On the scale locality and vortex stretching in homogeneous shear turbulence

Abstract

The interscale transfer of kinetic energy and Reynolds stress in homogeneous shear turbulence (HST) is numerically investigated using three-dimensional bandpass filtering technique. The flow fields of a statistically steady HST are obtained using direct numerical simulation at three Reynolds numbers 2000, 5000, and 12 500 based on box depth. Visualizations of typical flow structures of bandpass filtered fields show that the small-scale structures are nearly isotropic, whereas the large-scale ones show the preferential alignment with the direction of mean shear. Quantitative results of both kinetic energy and Reynolds stress fluxes between two specific scales show the existence of scale locality.
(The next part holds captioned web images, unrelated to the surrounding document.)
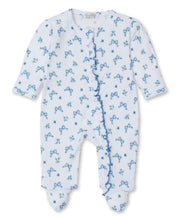 Load image into Gallery viewer, Blooming Bows Footie w/ Zip PRT - Light Blue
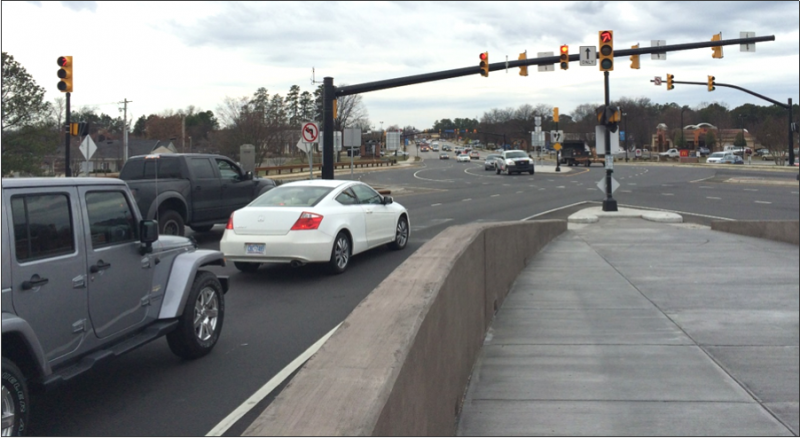 Traffic stopped at a diverging diamond interchange (DDI) in Cornelius, NC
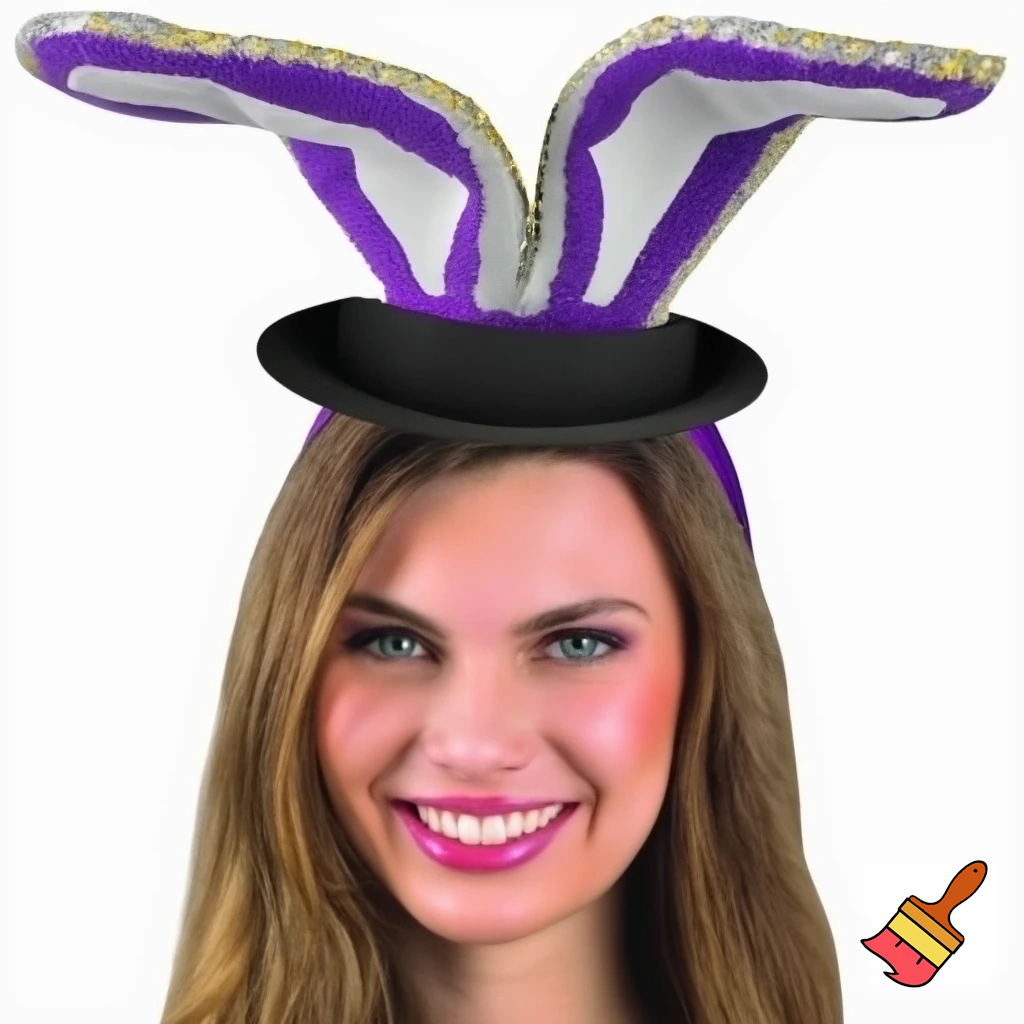 Easter bunny top hat headband, purple and white gold and silver top hat black purple dark purple special hat in delicate purple white, purple and white gold golden silver patterns Easter top hat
In specific, the eddies of a length scale L mostly transfer their energy or Reynolds stress to eddies of size 0.3L to 0.4L, which seems to be independent in the limit of the high Reynolds number. Furthermore, through the analysis on the vortex stretching, it is shown that the small-scale structures of scale Lω are stretched mostly by straining structures of size about 2 Lω, while large-scale structures are stretched mostly by mean shear. Finally, the evaluation of alignment between vortical structures and strain rate shows that small-scale structures are more likely to align with the strain structures of five times their size, and large-scale ones are mainly align with the mean shear strain. These findings can help enhance our comprehension of the interscale transfer and scale interaction of vortical structures in turbulence.